The roughly 15-minute phone call late Tuesday came shortly before U.S. Sens. Kelly Loeffler and David Perdue issued a joint statement saying they “fully support” the improbable lawsuit asking the U.S. Supreme Court to reject election results in Georgia and three other battleground states that Trump lost.

Earlier in the day, Carr’s office called the lawsuit by Texas Attorney General Ken Paxton “constitutionally, legally and factually wrong.” The complaint asks the justices to delay the Monday deadline for certification of presidential electors in Georgia, Michigan, Pennsylvania and Wisconsin.

The two men spoke at the urging of Perdue, who along with Loeffler also received calls from Trump about Carr’s opposition to the lawsuit, according to three Republican officials, two of whom described Trump as “furious” in his call with Loeffler over the attorney general’s stance.

Minutes after Trump and Carr hung up, the two senators issued a joint statement proclaiming their support for the Paxton lawsuit.

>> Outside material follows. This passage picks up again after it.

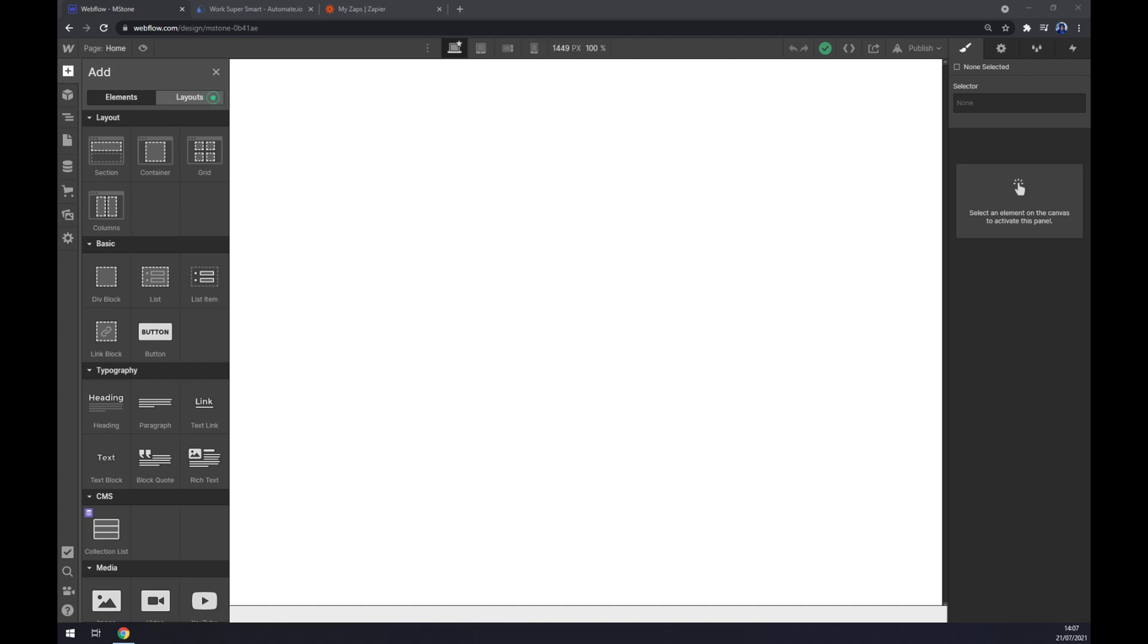Hello guys, my name is Matthew and in today's video I'm going to show you how you can integrate Webflow with Stripe. First things first, we have to create ourselves an account at webflow.com or login to our existing account.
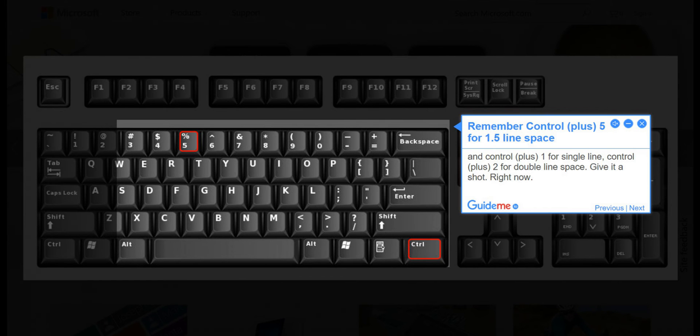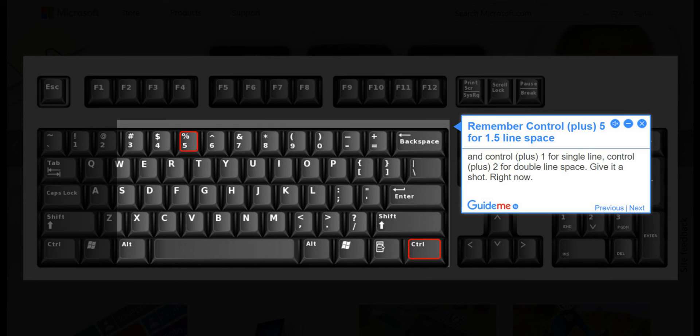Step 2, remember Ctrl+5 for 1.5 line space, Ctrl+1 for single line, and Ctrl+2 for double line space. Give it a shot.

“This isn’t hard and it isn’t partisan. It’s American,” the senators said. “No one should ever have to question the integrity of our elections system and the credibility of its outcomes.”

A person on the call between Trump and Carr described it as cordial. Trump told Carr that he’s “heard great things” about him but that he’s picked up word that Carr was calling other attorneys general and urging them to stand against the Texas challenge. Carr told him that wasn’t true.

Earlier Wednesday, Trump asked the U.S. Supreme Court to let him join the lawsuit challenging the election results, which repeats false and unsubstantiated allegations about mail-in ballots and the voting process in Georgia and the other states.

It’s the latest in a series of extraordinary attempts by Trump to overturn his narrow defeat to President-elect Joe Biden, which made him the first Republican White House hopeful to lose the state since 1992.

The president dialed up Gov. Brian Kemp on Saturday and demanded during a lengthy phone call that he summon state lawmakers to the Capitol for a special session to overturn his defeat.

At his Valdosta rally that evening, Trump said he was “ashamed” of the Republican he endorsed in 2018 and urged U.S. Rep. Doug Collins to challenge him in a 2022 primary.

Kemp and other state GOP leaders have previously rejected Trump’s demands to call a special legislative session, warning that any attempt to change election laws before the runoffs would result in “endless litigation.” On the phone call, he told the president his opposition hadn’t changed and he was following state law by certifying the results.

State elections officials have repeatedly said there’s no widespread evidence of election fraud, and a series of lawsuits filed by the Trump campaign and its allies in Georgia and other states have been rejected by the courts. After a third tally, Kemp and Secretary of State Brad Raffensperger certified election results that showed Biden won the state by roughly 12,000 votes.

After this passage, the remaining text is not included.